Source: “XX. Farell & Jones to Richard Randolph, 27 January 1775,” Founders Online, National Archives, https://founders.archives.gov/documents/Jefferson/01-15-02-0620-0021. [Original source: The Papers of Thomas Jefferson, vol. 15, 27 March 1789 – 30 November 1789, ed. Julian P. Boyd. Princeton: Princeton University Press, 1958, pp. 668–669.]

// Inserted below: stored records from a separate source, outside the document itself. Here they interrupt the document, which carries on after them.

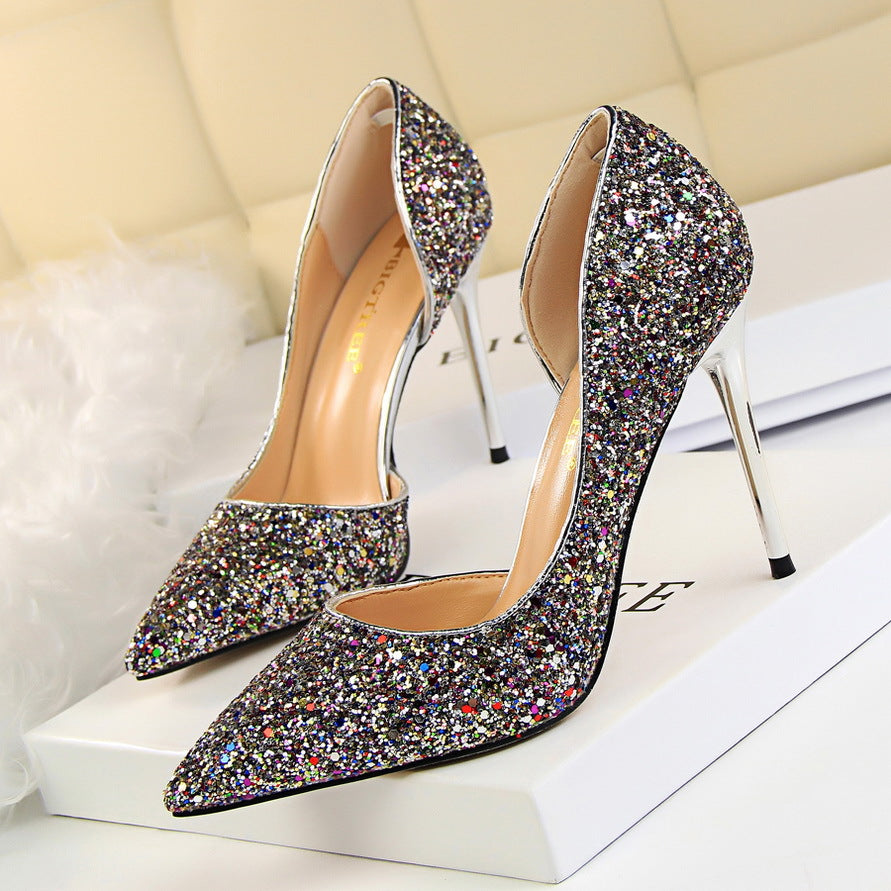 Sexy Nightclub Slim Women's Shoes With Slim Heels, High Heels, Shallow Mouth, Pointed Side Hollowed Sequins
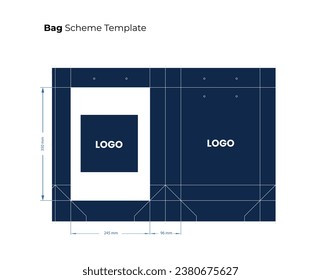 Blue paper bag template. Package vector illustration. Printable blueprint of scheme to cut geometric model.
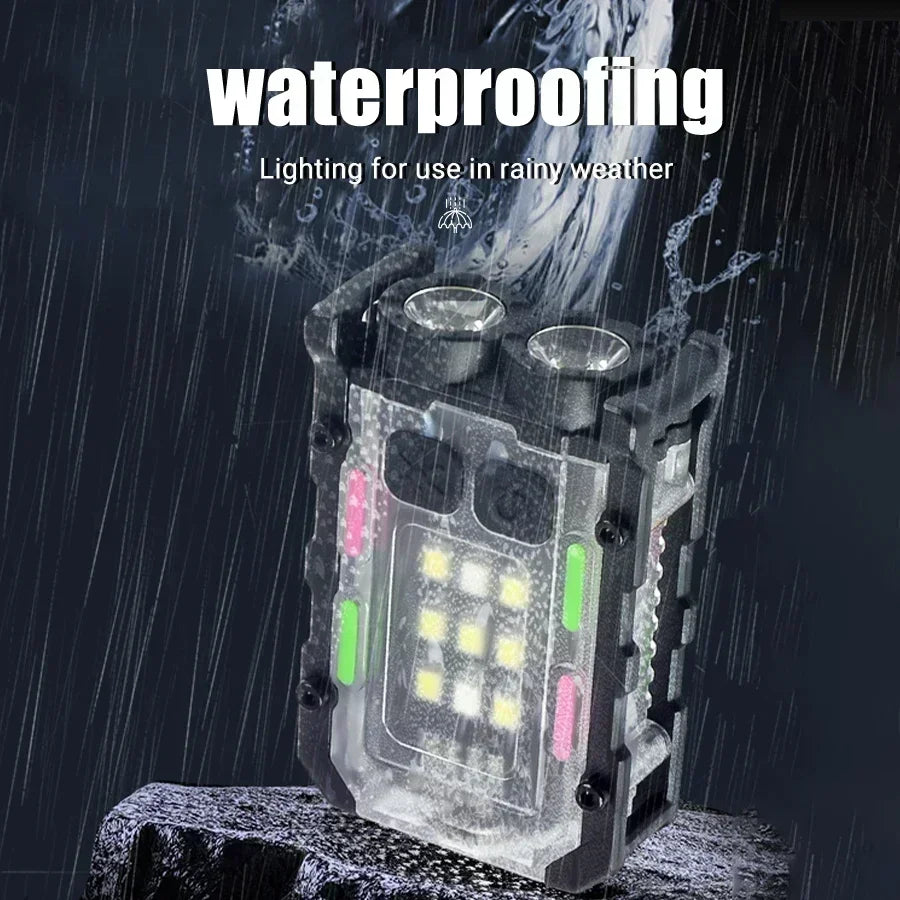 Rechargeable LED Flashlight with Clip, Magnetic Keychain Work Light, 8 Modes Lantern for Camping, Outdoors and Home Emergency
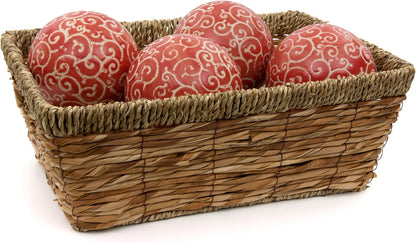 Red Lantern 4" Porcelain Ball Set - Set of 4 Decorative Balls, Red and Beige Vines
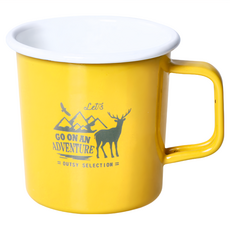 OUTSY高山水鹿琺瑯杯 390ml, 抗酸抗鹼, 導熱效率好, 保溫保冰效果佳, 黃色, 1個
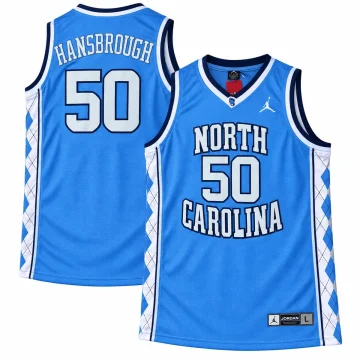 Tyler Hansbrough North Carolina Tar Heels number 50 light blue basketball jersey with argyle side panels, Jumpman logo and complete labels, front and back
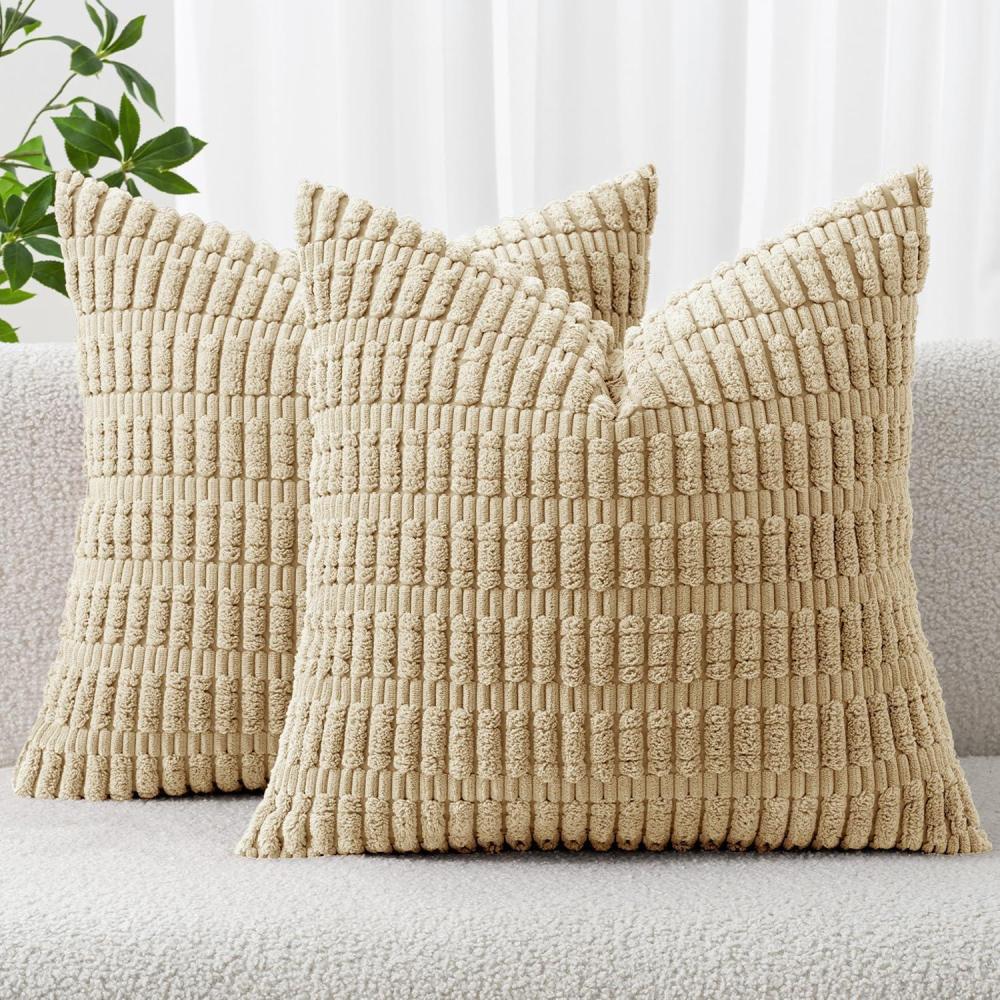 imageMIULEE Pack of 2 Christmas Red Corduroy Decorative Pillow Covers 18x18 Inch Soft Boho Striped Throw Pillow Covers Modern Farmhouse Home Decor for Sofa Living Room Couch BedTan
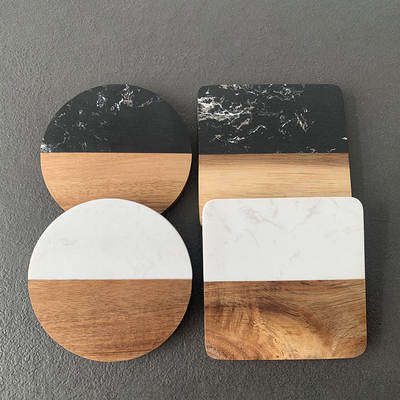 Marble Heat Insulated Coaster Stitching Acacia Wood Round Square Coffee Mat Tea Mat Factory Irregular Nordic Style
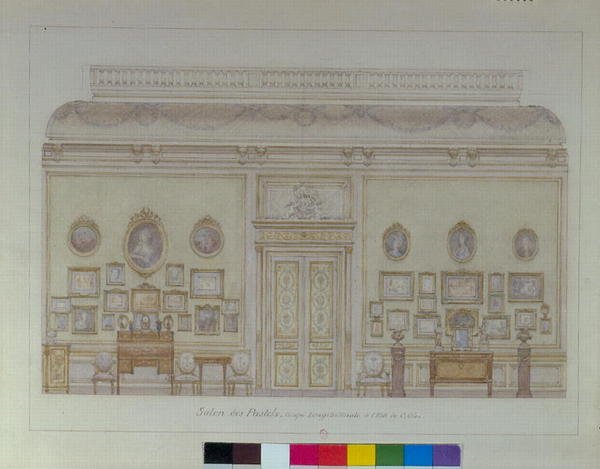 Salon des Pastels i leiligheten til Jacques Doucet (akvarell på papir) av Adrien Karbowsky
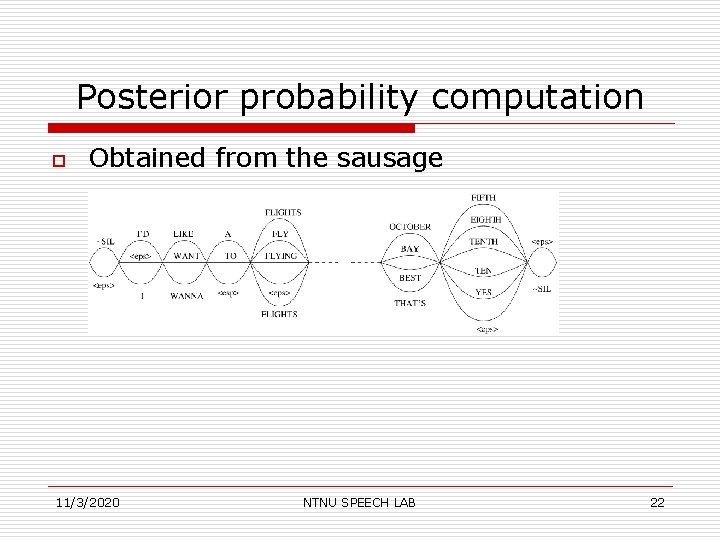 Posterior probability computation o Obtained from the sausage 11/3/2020 NTNU SPEECH LAB 22 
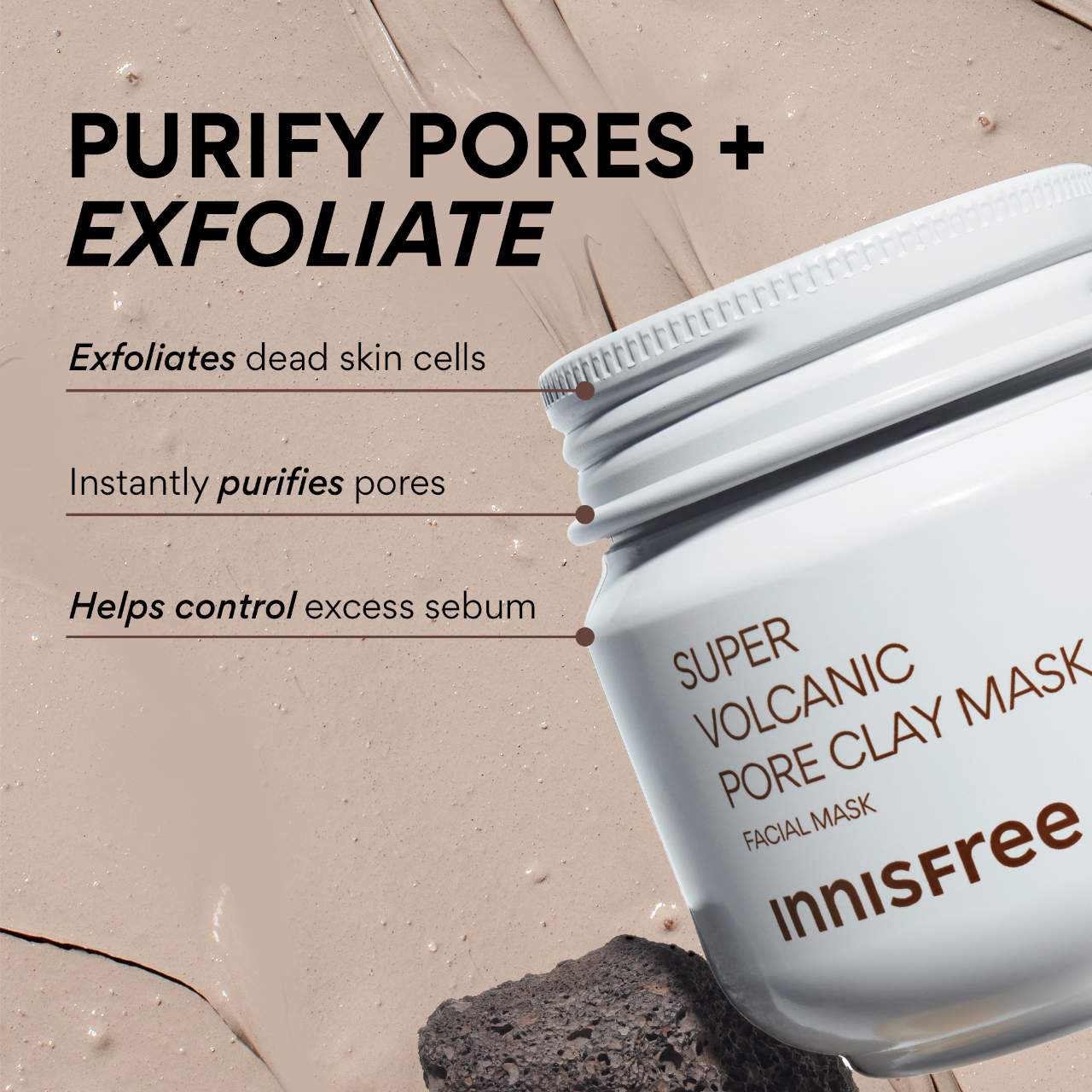 Super Volcanic AHA Pore Clearing Clay Mask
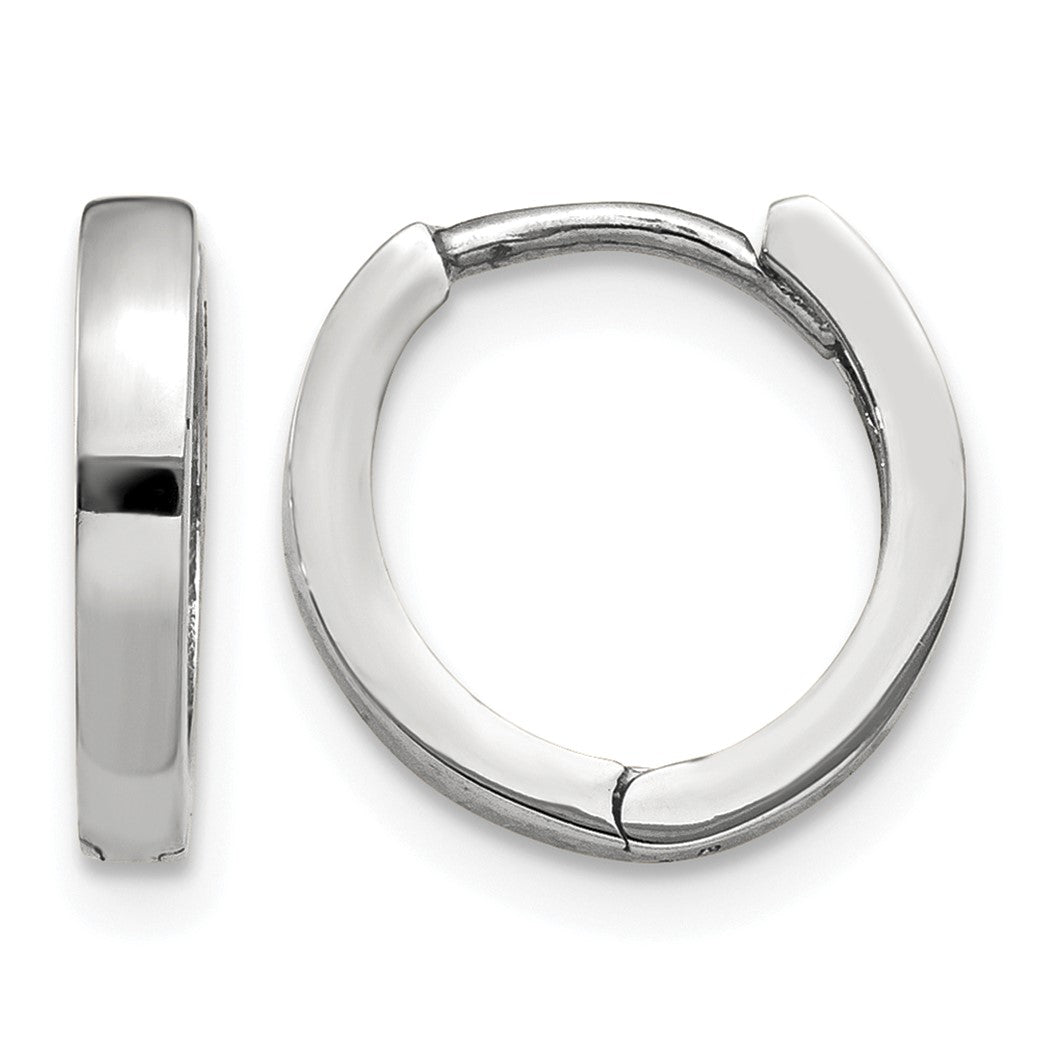 14k White Gold Round Hinged Hoop Earrings
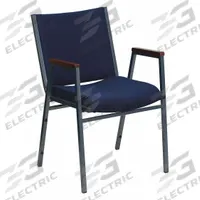 FLASH FURNITURE Stacking Chair: Fabric Seat, Fabric, Steel Frame, Seat Color Navy Blue, Fixed Arms (MPN XU-60154-NVY-GG). Key specifications — Chair Color: Navy Blue.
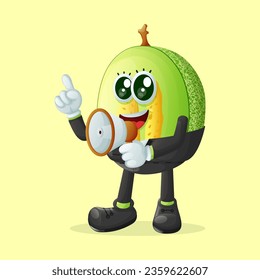 personaje melón de miel con un megáfono. Perfecto para niños, mercadería y pegatinas, promoción de pancartas
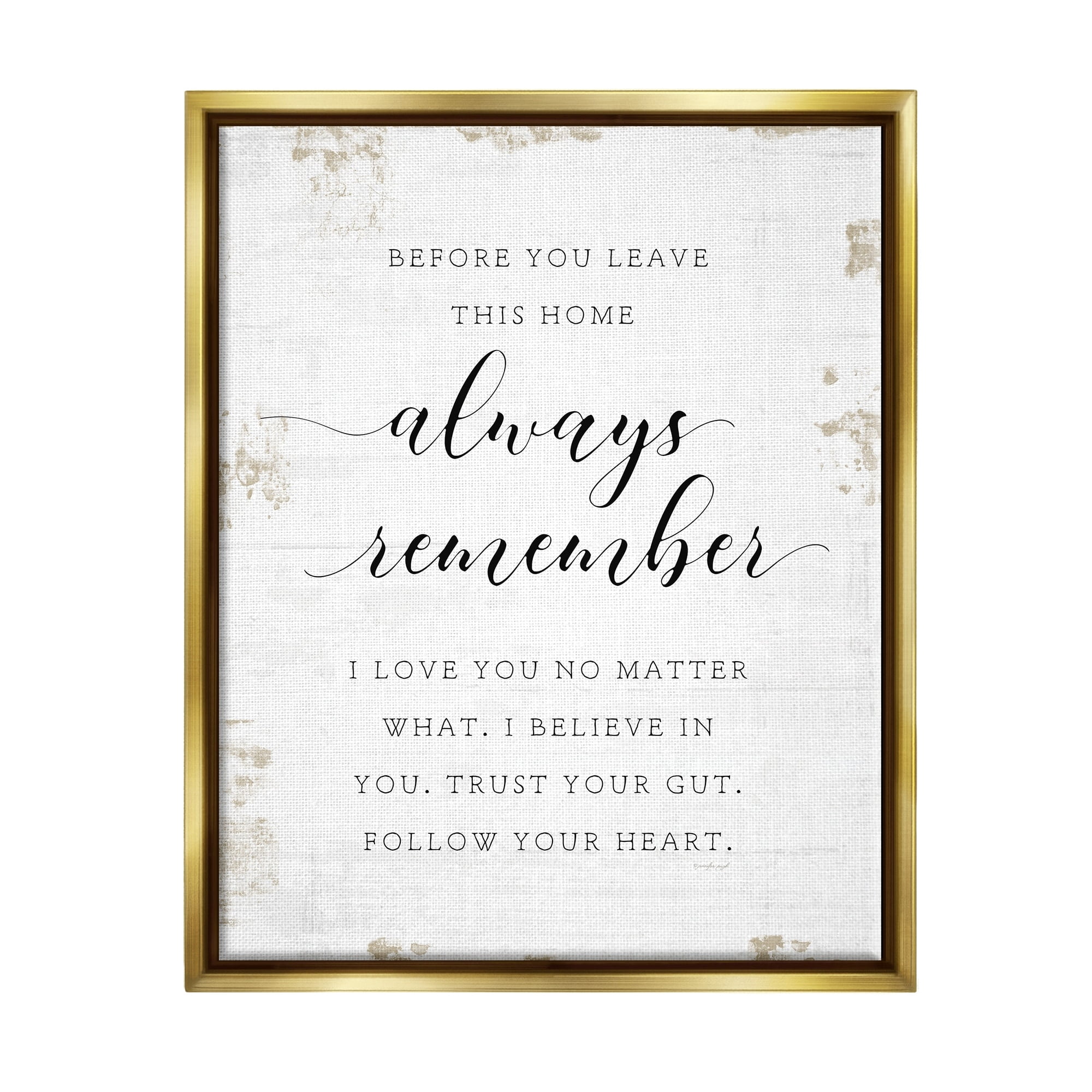Stupell Industries Always Follow Your Heart Phrase Country Home Charm Metallic Gold Framed Floating Canvas Wall Art, 16x20, by Jennifer Pugh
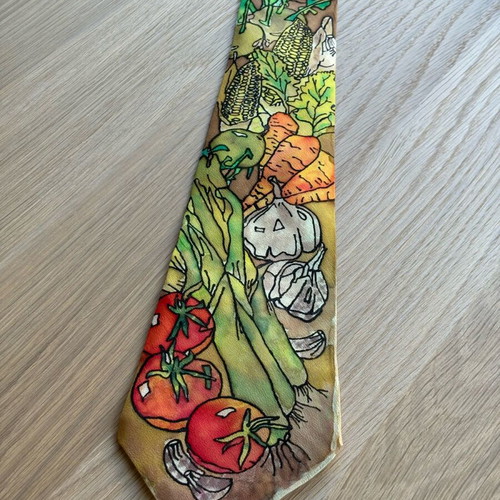 Handmade tie 100% pure silk with painted vegetable design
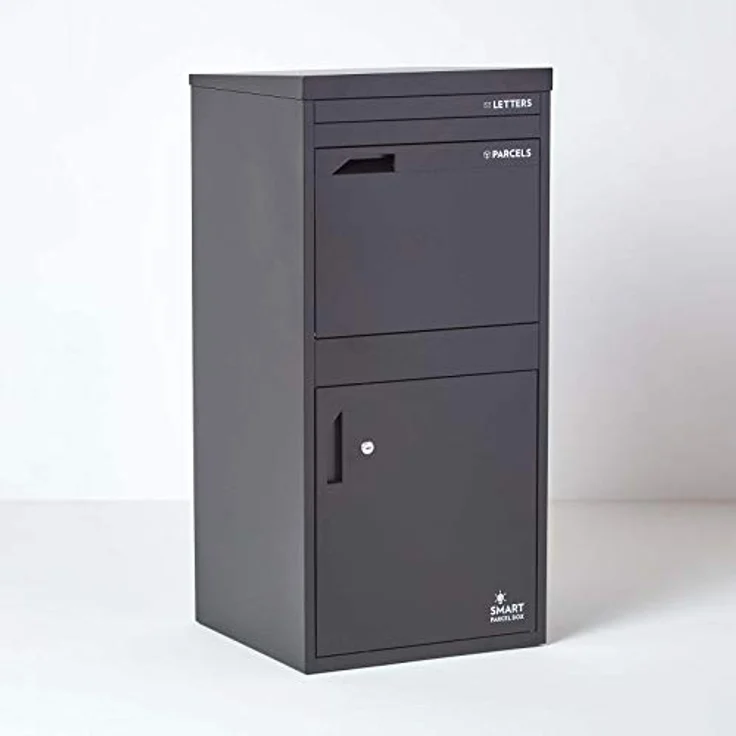 Smart Parcel Box XL Schwarz 49x45x103 cm, Paketbriefkasten zur Wand- oder Bodenmontage, für Zuhause & Unternehmen, mit Entnahme vorne & hinten – Bild 2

On this day 250 years ago the people of Pittsylvania County, Virginia met to organize a Committee to enforce the Continental Association’s boycott of trade with Britain. The Committee would become the governing body of Pittsylvania County when the War began. The meeting also adopted the Pittsylvania Resolves:
THE freeholders of the county of Pittsylvania, being duly summoned, convened at the courthouse of the said county, on Thursday the 26th of January, 1775, and then proceeded to make the choice of a committee, agreeable to the direction of the General Congress, for enforcing and putting into execution the association, when the following Gentlemen were chosen members for the same, VIZ. Abraham Shelton, Robert Williams, Thomas Dilliard, William Todd, Abraham Penn, Peter Perkins, Benjamin Lankford, Thomas Terry, Arthur Hopkins, Hugh Challus, Charles L. Adams, James Walker, William Peters Martin, Daniel Shelton, William Ward, Edmund Taylor, Isaac Clements, Gabriel Shelton, Peter Wilson, William Shore, Henry Conway, John Payne, sen. Joseph Roberts, William Witcher, Henry Williams, John Salmon, Rev. Lewis Gwillam, Richard Walden, Peter Saunders, John Wilson, and Crispin Shelton. The committee then proceeded to make choice of Robert Williams for their Chairman, and William Peters Marcin their Clerk. During the time of choosing the said committee, the utmost good order and harmony was observed, and all the inhabitants of the county then present (which was very numerous) seemed determined and resolute in defending their liberties and properties, at the risk of their lives, and, if required, to die by their fellow sufferers (the Bostonians) whose cause they consider as their own; and, it being mentioned in committee, that their county had never contributed their proportionable part towards defraying the expenses of the Delegates, who attended on our behalf at the General Congress, that sum was immediately and cheerfully raised and deposited in the hands of Peter Perkins and Benjamin Lankford, Esquires, the Representatives for the said county, to be transmitted by them, to whom it ought to have been paid; after which the committee rose, and several loyal and patriotick toasts were drank, and the company dispersed, well pleased with the behaviour of those people they had put their confidence in.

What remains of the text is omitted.